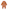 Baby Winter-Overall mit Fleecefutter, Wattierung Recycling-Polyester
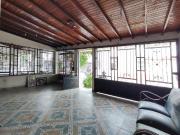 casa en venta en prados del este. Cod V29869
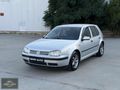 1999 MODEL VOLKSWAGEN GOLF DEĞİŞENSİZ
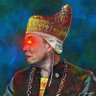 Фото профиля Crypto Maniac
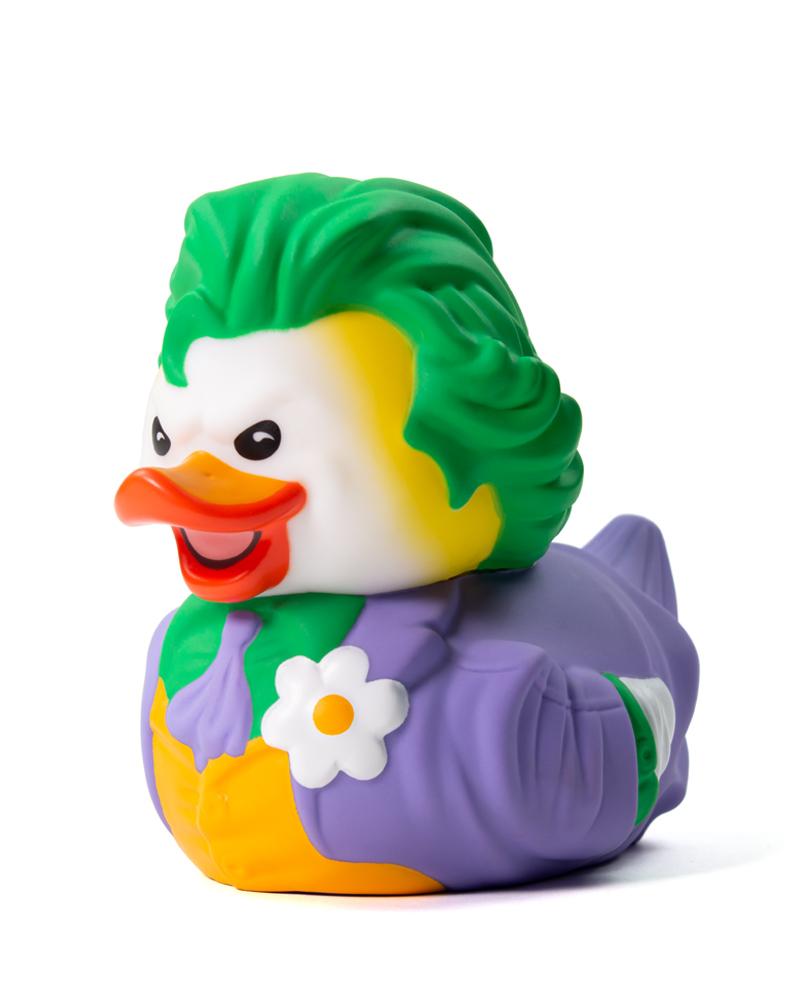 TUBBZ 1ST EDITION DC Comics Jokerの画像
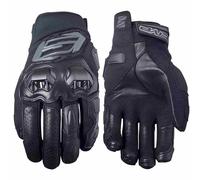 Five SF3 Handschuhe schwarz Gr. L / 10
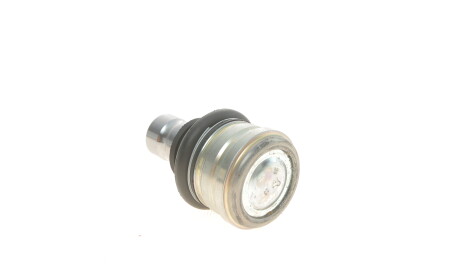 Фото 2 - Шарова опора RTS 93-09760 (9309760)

--

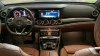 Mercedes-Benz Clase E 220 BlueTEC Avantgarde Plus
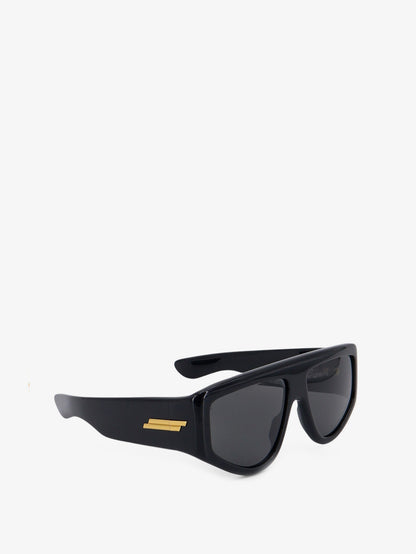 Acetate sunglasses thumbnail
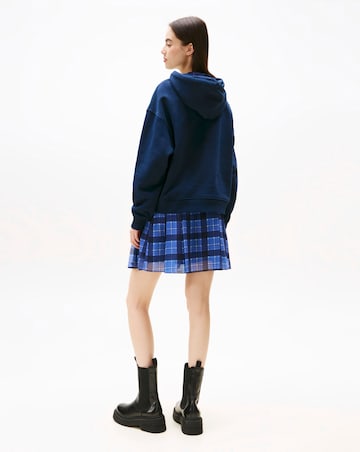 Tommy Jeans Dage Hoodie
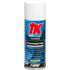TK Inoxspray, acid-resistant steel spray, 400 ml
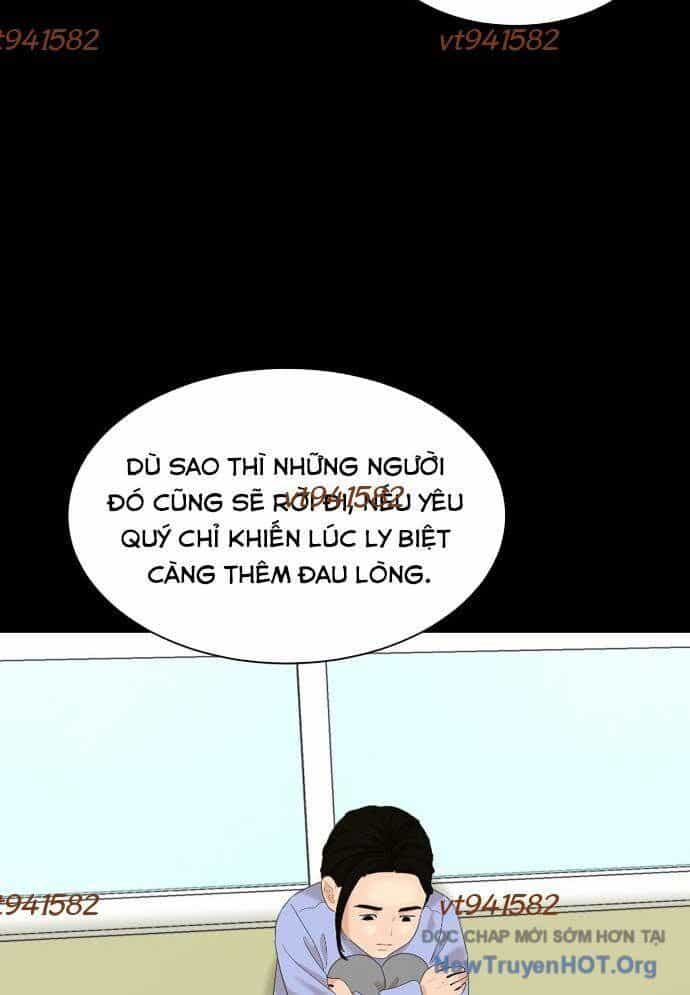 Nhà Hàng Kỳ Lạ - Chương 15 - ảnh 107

* * *

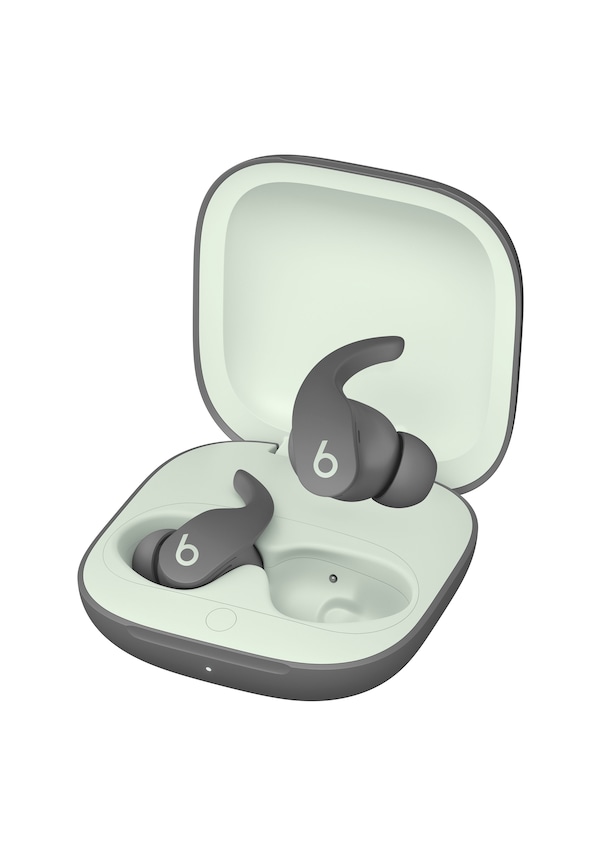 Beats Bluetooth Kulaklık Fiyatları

> _TASK REQUIREMENTS_
Above is the material; set down exactly its lines from the one containing "TK Inoxspray, acid-resistant" down to the one containing "Nhà Hàng Kỳ Lạ - Chương 15 - ảnh 107", both included, leaving out any pictures.

> _ANSWER TO THIS PROBLEM_
TK Inoxspray, acid-resistant steel spray, 400 ml
 Nhà Hàng Kỳ Lạ - Chương 15 - ảnh 107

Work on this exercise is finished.